● Problem to work on
Reproduce the data exactly as given, except for any images.

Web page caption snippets
__________

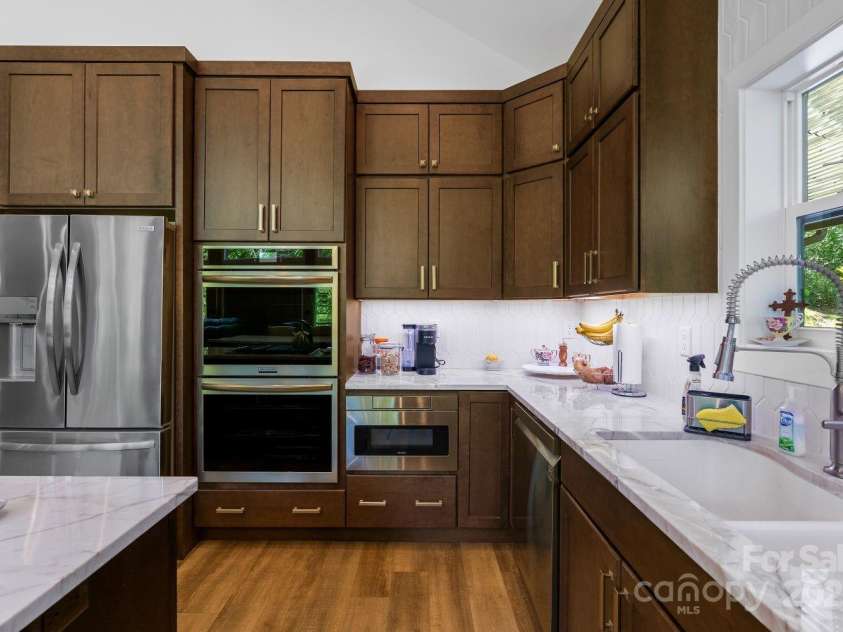 143 Burnside Trail, Hendersonville, NC 28792.  MLS# CAR4258291, YatesRealty ID 23895. Pull-out microwave next to double oven.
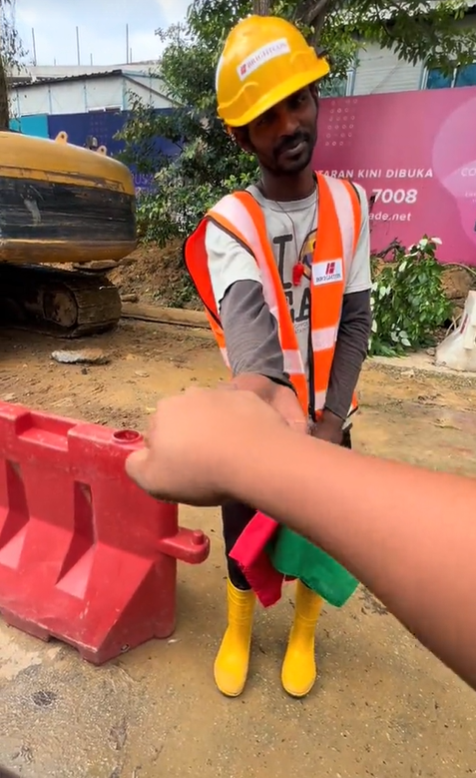M'sian man gives foreign worker money in the form of a fist bump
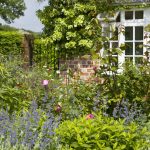 cottage gardens border infront of house with view to gate, the lowes garden, the ZMRTVKE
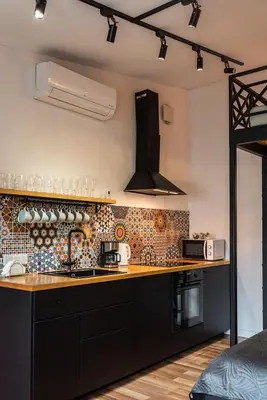 a kitchen with a sink and a counter top at Modern APARTMENT ARIZONA STUDIO OLD TOWN Dietla balcony in Kraków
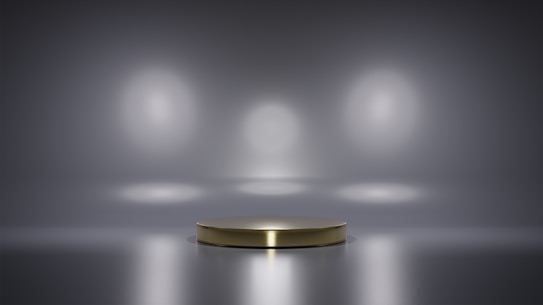 A metallic platform is centered in a minimalistic setting with a reflective surface. Soft, diffused lighting creates circular patterns on the background wall, enhancing the focus on the central stage. The ambiance is sleek and modern, with a hint of elegance.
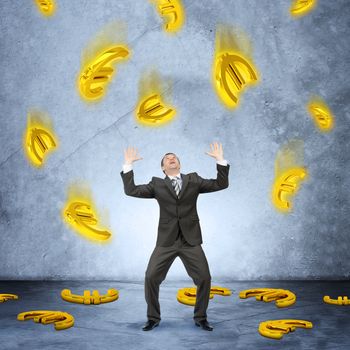 Businessman under euro sign rain on grey background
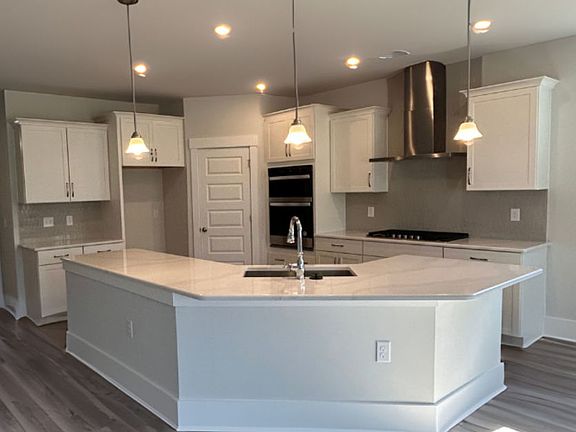 The Kitchen offers plenty of cabinet and counter space.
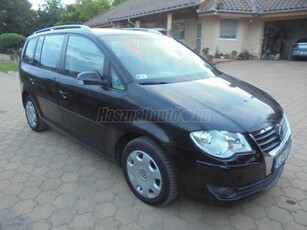 VOLKSWAGEN TOURAN 1.9 PD TDi Highline MAGYARORSZÁGI.SZERVIZKÖNYVES. 7 SZEMÉLYES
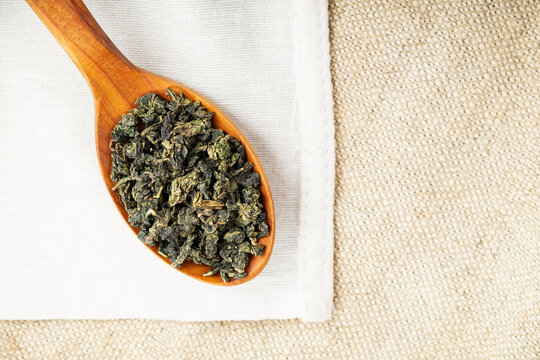 Top view closeup rustic spoon filled with loose tea on craft fabric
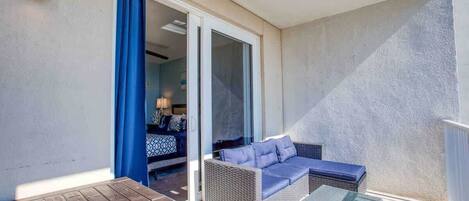 A balcony with a wicker sofa, a wooden table, and a glass partition.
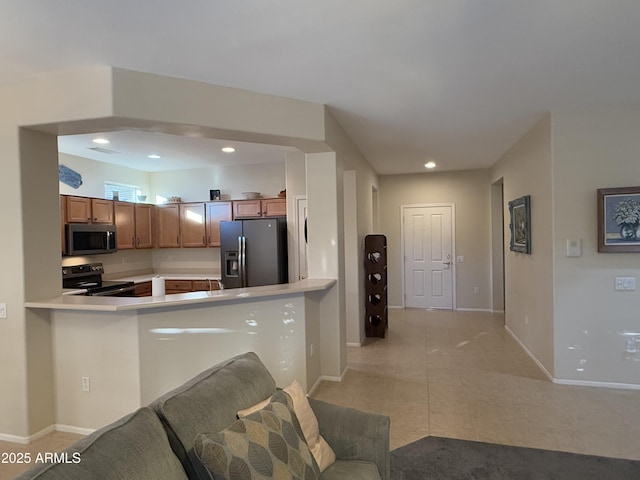 kitchen with light tile patterned flooring, kitchen peninsula, and appliances with stainless steel finishes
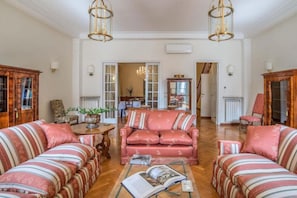Ampla sala de estar com um sofá grande, uma mesa de centro e um candelabro.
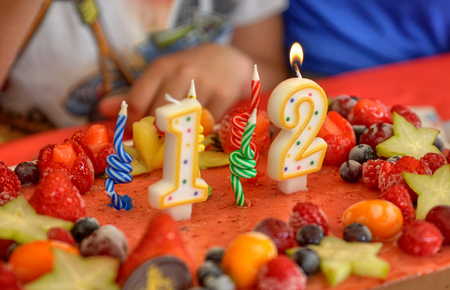Appetizing fruit ice-cream cake decorated with strawberries, blueberries, cigliege, calamodino, kumquat, apple stars. 1 and 2 shaped candles for a 12 year birthday. Hands position and light them.の写真素材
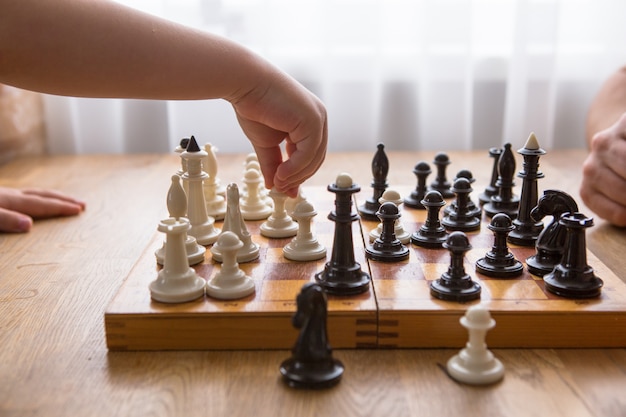 Papa et fils jouent aux échecs ensemble à la maison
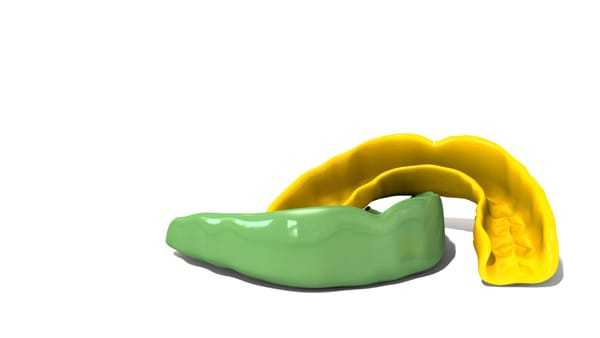 Sports Mouthguards in green and yellow.
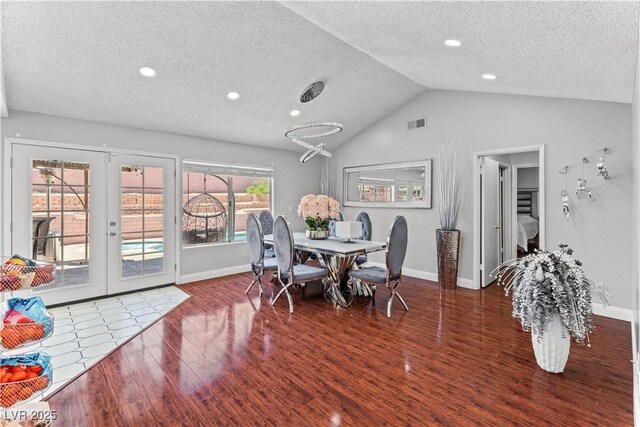 dining area with wood finished floors, a textured ceiling, vaulted ceiling, baseboards, and recessed lighting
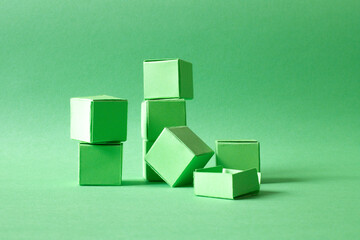 Arranged Green Cubes Casting Shadows on Green Teal Surface - Abstract Design Representing...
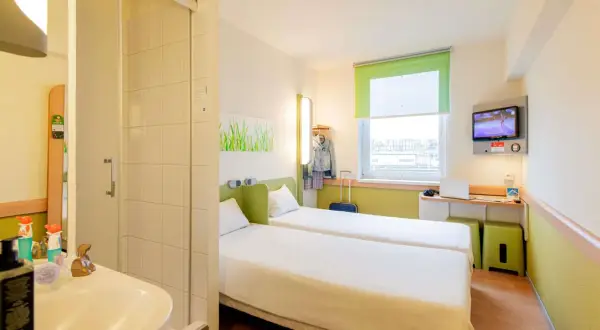 Pokój w hotelu Ibis z dwoma łóżkami, łazienką, biurkiem z laptopem i telewizorem.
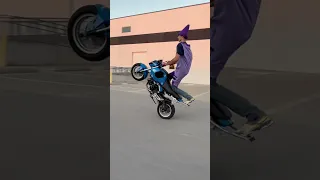 Purple crayon suit is the best protection.👀 #bikelife #wheelies #motorcycle #stunts #grom #honda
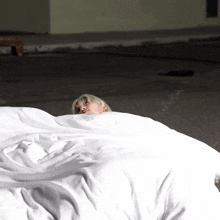 a person is laying on the ground under a white blanket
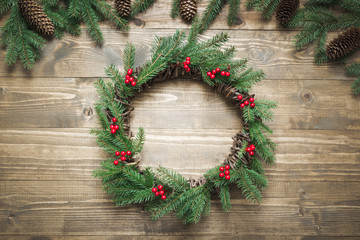 Christmas wreath made of spruce branches with holly berries on wooden board. Flat lay. Top view.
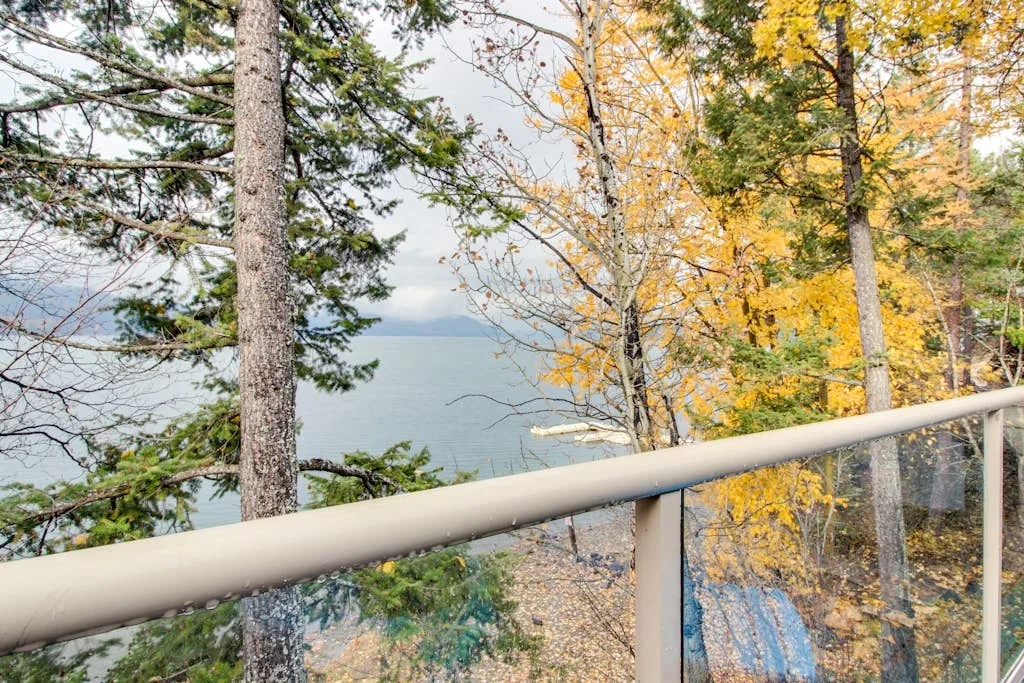 A balcony railing overlooks a lake framed by trees with autumn foliage.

__________

● Solution for this task
 143 Burnside Trail, Hendersonville, NC 28792.  MLS# CAR4258291, YatesRealty ID 23895. Pull-out microwave next to double oven.
M'sian man gives foreign worker money in the form of a fist bump
 cottage gardens border infront of house with view to gate, the lowes garden, the ZMRTVKE
 a kitchen with a sink and a counter top at Modern APARTMENT ARIZONA STUDIO OLD TOWN Dietla balcony in Kraków
 A metallic platform is centered in a minimalistic setting with a reflective surface. Soft, diffused lighting creates circular patterns on the background wall, enhancing the focus on the central stage. The ambiance is sleek and modern, with a hint of elegance.
 Businessman under euro sign rain on grey background
 The Kitchen offers plenty of cabinet and counter space.
 VOLKSWAGEN TOURAN 1.9 PD TDi Highline MAGYARORSZÁGI.SZERVIZKÖNYVES. 7 SZEMÉLYES
 Top view closeup rustic spoon filled with loose tea on craft fabric
 A balcony with a wicker sofa, a wooden table, and a glass partition.
 kitchen with light tile patterned flooring, kitchen peninsula, and appliances with stainless steel finishes
Ampla sala de estar com um sofá grande, uma mesa de centro e um candelabro.
Appetizing fruit ice-cream cake decorated with strawberries, blueberries, cigliege, calamodino, kumquat, apple stars. 1 and 2 shaped candles for a 12 year birthday. Hands position and light them.の写真素材
 Papa et fils jouent aux échecs ensemble à la maison
 Sports Mouthguards in green and yellow.
 dining area with wood finished floors, a textured ceiling, vaulted ceiling, baseboards, and recessed lighting
 Arranged Green Cubes Casting Shadows on Green Teal Surface - Abstract Design Representing...
 Pokój w hotelu Ibis z dwoma łóżkami, łazienką, biurkiem z laptopem i telewizorem.
 Purple crayon suit is the best protection.👀 #bikelife #wheelies #motorcycle #stunts #grom #honda
 a person is laying on the ground under a white blanket
 Christmas wreath made of spruce branches with holly berries on wooden board. Flat lay. Top view.
 A balcony railing overlooks a lake framed by trees with autumn foliage.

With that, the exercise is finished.